Digging in to the Relationship Between Aging, Periodontitis, and Cardiovascular Disease

In recent years, researchers have suggested that gum disease, periodontitis, may contribute to the development of cardiovascular disease and neurodegenerative conditions. Leakage of pathogens and harmful metabolites into the bloodstream at the gums, leading to an increased level of chronic inflammation, has been proposed as the important mechanism. This is a reasonable proposition. There is some debate over the degree of risk, however, and it is always possible that periodontitis risk is just as driven by degenerative aging as is the case for risk of cardiovascular disease and neurodegenerative disease, obscuring the effects of periodontitis on other diseases because they will tend to independently co-occur anyway.

Human data typically only allows the determination of correlations between conditions and mechanisms, not causation. There are some ways forward, however. In today's open access paper, researchers employ a Mendelian randomization strategy in order to try to gain some insight into causation between aging, periodontitis, and cardiovascular disease. The result is generally supportive of the present consensus, meaning that aging contributes to both periodontitis and cardiovascular disease, but periodontitis can also contribute to cardiovascular disease. It doesn't add much to the present discussion on the size of these contributions.

Biological aging mediates the association between periodontitis and cardiovascular disease: results from a national population study and Mendelian randomization analysis

Using the NHANES database, a large GWAS database, and Mendelian randomization (MR) analyses, this study investigated the complex relationship between periodontitis, cardiovascular disease (CVD), and biological aging. The results indicated that periodontitis was a risk factor for CVD and that aging plays a mediating role in this association. Gene-level predictive analysis further confirmed the causal effect of periodontitis on small-vessel stroke and revealed the causal effect of biological aging on periodontitis and specific CVD. Simultaneously, the study found that CVD may exacerbate the progression of biological aging.

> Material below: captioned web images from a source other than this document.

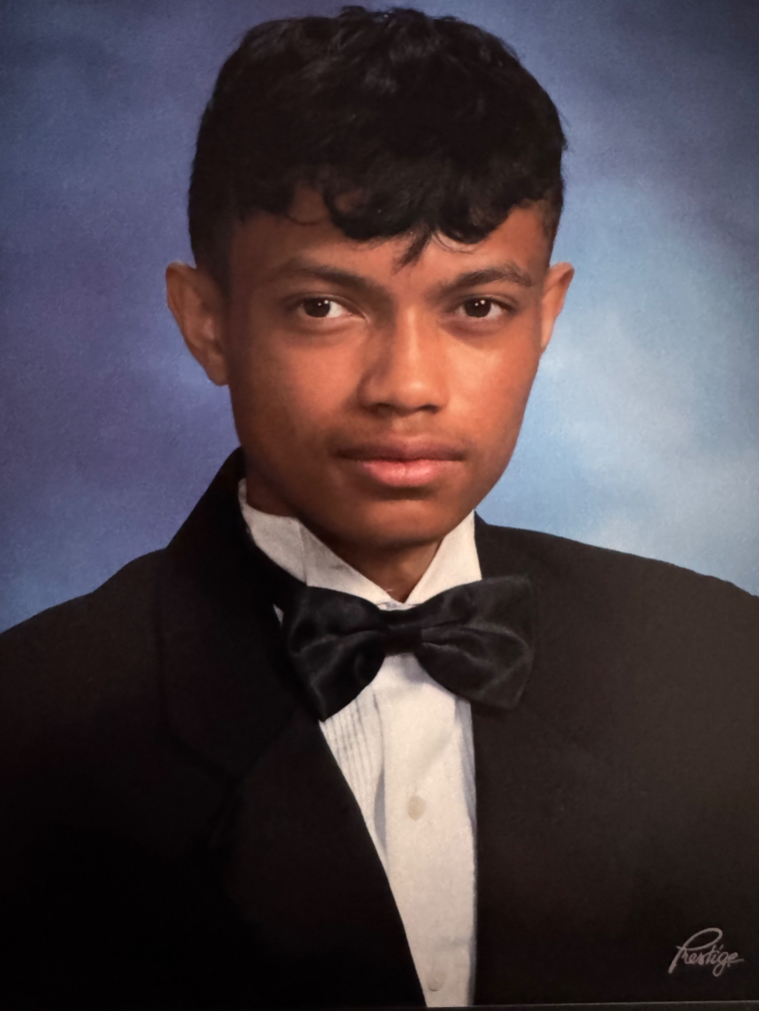 Profile picture for Colden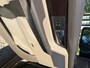 Land Rover Range Rover 3.0 TDV6 AUTOBIOGRAPHY NL-auto 1e eig. #NIEUWSTAAT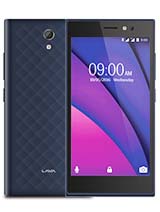 Best available price of Lava X38 in Philippines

We observed that an increase in the degree of periodontitis was associated with an increased risk of CVD. Additionally, MR analysis revealed the potential causal effect of periodontitis on small vessel stroke. A number of epidemiologic studies have suggested a significant positive association between periodontitis and CVD, such as CHD and stroke. The possible mechanisms for this association include the systemic inflammation caused by periodontitis. Patients with periodontitis often have elevated levels of inflammatory markers in the blood, such as c-reactive protein and white blood cell count. These biomarkers play a key role in the pathophysiological mechanism of CVD. On the other hand, pathophysiological studies have revealed the potential role of oral bacteria in the formation of atherosclerosis. In addition, further supporting the pathological link between periodontitis and CVD is the observation of pathological changes similar to CVD, such as the formation of atherosclerotic plaques, in animal experimental models following the induction of periodontitis.

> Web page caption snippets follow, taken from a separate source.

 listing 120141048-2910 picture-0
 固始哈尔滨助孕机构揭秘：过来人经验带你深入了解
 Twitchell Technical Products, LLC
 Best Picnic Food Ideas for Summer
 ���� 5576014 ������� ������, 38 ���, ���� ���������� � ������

We investigated the relationship between periodontitis, CVD, and aging markers. The results indicated that the progression of periodontitis is significantly associated with biological aging. This suggests that periodontitis may not only affect oral health but accelerate the systemic aging process. The presence of periodontitis may aggravate the aging of organisms and even increase all-cause mortality. These findings provide strong evidence for the important role of periodontitis in the mechanism of systemic aging. Furthermore, biological aging was found to be linked to a higher risk of CVD, which aligned with previous research. Our findings also suggest a potential causal relationship between biological aging and periodontitis, as well as a reciprocal causal effect between aging and CVD. In other words, aging contributes to the development of periodontitis and CVD and can also be a potential consequence of CVD. These results underscore the intricate interplay between periodontitis, CVD, and biological aging.

Comments

The areas of biological contact of humans with the outside world are basically skin, the respiratory system and gut. They are all patrolled by the immune system which has them pretty well covered most of the time.

In the case of the gut, it copes quite well with the ongoing trauma of food processing but it has a weak point. ie that specialised part of it known as the periodontium. Just about everyone has an element of dental plaque most of the time. This itself is very high in bacteria but is transient. When plaque calcifies to tatar/calculus live bacteria remain. The density of bacteria is very high. About 200 million per milligram of plaque, all immediately next to that area of inflammation and dilated blood vessels which is periodontist and gingivitis. This not transient.

Made horribly worse of, course, by a high sucrose diet and smoking. An ongoing situation.

Really not surprising therefore, that some bacteria are carried off into the blood stream and ppt. an immune reaction downstream.